Auf die Beschwerde der S. wird der Beschluss des Amtsgerichts - Familiengericht - Böblingen - 16 F 1342/03 - vom 23.01.2004 in Satz 2

a b g e ä n d e r t :

Die Antragstellerin hat ab 01.09.2004 Raten in Höhe von monatlich 30,-- EUR auf die Prozesskosten an die Landeskasse zu bezahlen.

Gründe

 
I.
Das Familiengericht hat der Antragstellerin nach Rücknahme ihres Scheidungsantrags Prozesskostenhilfe für den ersten Rechtszug ohne Ratenzahlung bewilligt.
Dagegen hat die S. gem. § 127 Abs. 3 ZPO sofortige Beschwerde insoweit eingelegt, als die Anordnung von Ratenzahlung unterblieben ist. Die S. vertritt die Auffassung, dass die Antragstellerin verpflichtet ist, von dem ihr zustehenden Taschengeld Raten von monatlich 30,-- EUR auf die Prozesskosten zu zahlen.
Die Antragstellerin ist der Beschwerde entgegengetreten.
II.
1. Die sofortige Beschwerde der S. ist zulässig und begründet.

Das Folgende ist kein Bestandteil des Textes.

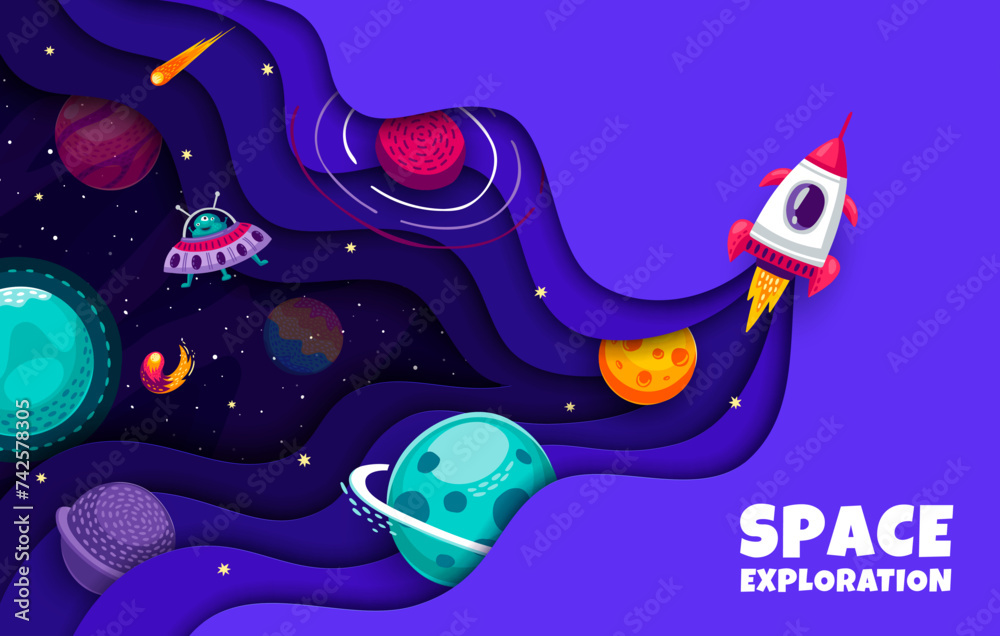 Aufkleber space paper cut landscape with rocketship and starry galaxy with planets. cartoon background with ve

Die Antragstellerin ist verpflichtet, aus dem ihr zustehenden Taschengeld Raten zu bezahlen.
2. Der Senat schließt sich der wohl herrschenden Meinung (OLG Koblenz FamRZ 2000, 104; OLG Zweibrücken FamRZ 2001, 1470; OLG Stuttgart Justiz 1998, 77; Kalthoener/Büttner/Wrobel-Sachs, Prozesskostenhilfe und Beratungshilfe, 2. Aufl., Rdnr. 240; Zimmermann, Prozesskostenhilfe in Familiensachen, Rdnr. 66, 322) an, wonach das Taschengeld als Einkommen zur Kostendeckung zu verwenden ist. Die Gegenmeinung (OLG Bamberg JurBüro 1994, 751; Zöller/Philippi, ZPO, 23. Aufl., § 115 Rdnr. 9) meint zwar, dass das Taschengeld zur Abdeckung ganz persönlicher Bedürfnisse diene und deshalb nicht als zur Kostendeckung verfügbares Einkommen einzusetzen sei. Dem steht jedoch entgegen, dass der Taschengeldanspruch eines Ehegatten bis zur Höhe von 7/10 pfändbar ist (Palandt/Brudermüller, BGB, 63. Aufl., § 1360 a Rn. 4). Es ist nicht einzusehen, die S. bei der Gewährung von Prozesskostenhilfe als sozialhilfeähnliche Leistung schlechter zu stellen als die Realisierungsmöglichkeit eines privaten Gläubigers.
3. Der Taschengeldanspruch beläuft sich in der Regel auf 5 % des Nettoeinkommens des Ehegatten (Palandt/Brudermüller, a.a.O.). In ihrer Erklärung über ihre persönlichen und wirtschaftlichen Verhältnisse hat die Antragstellerin das Einkommen ihres Ehegatten mit netto 2.200,-- EUR angegeben. Es ist nicht Aufgabe der Staatskasse, den Ehemann der Antragstellerin wegen seiner Einkommensverhältnisse insbesondere seiner Schulden anzuschreiben. Vielmehr hat die Antragstellerin aus der ehelichen Lebensgemeinschaft gegen ihren Ehemann nach § 1353 BGB einen Anspruch auf Auskunft und Überlassung einer Verdienstbescheinigung (OLG Zweibrücken, a.a.O.). Sie ist verpflichtet, ihre Bedürftigkeit für die Prozesskostenhilfe darzulegen und entsprechende Belege beizufügen (§ 117 Abs. 2 Satz 1 ZPO).
4. Der Taschengeldanspruch der Antragstellerin beläuft sich danach auf 5 % von 2.200,-- EUR, das sind 110,-- EUR. Davon sind 7/10 = 77,-- EUR pfändbar. Nach der Tabelle zu § 115 ZPO fallen daraus die mit der Beschwerde der S. geforderten Raten von monatlich 30,-- EUR an.
5. Der Senat geht davon aus, dass der Grundbedarf der Antragstellerin durch Gewährung von Wohnung, Nahrung und Kleidung u.s.w. durch den Ehemann gedeckt ist (Familienunterhalt). Der Anspruch auf Familienunterhalt nach § 1360 a Abs. 1 und 2 BGB ist als geldwerte Leistung mit mindestens 535,-- EUR monatlich zu bewerten (Nr. 22.1 der unterhaltsrechtlichen Leitlinien der Familiensenate in Süddeutschland - SüdL). Er übersteigt damit den Einkommensfreibetrag nach § 115 Abs. 1 Satz 3 Nr. 2 ZPO von derzeit 364,-- EUR monatlich. Die Antragstellerin kann daher die angeordneten Raten ohne weiteres aus dem ihr zustehenden Taschengeld bezahlen.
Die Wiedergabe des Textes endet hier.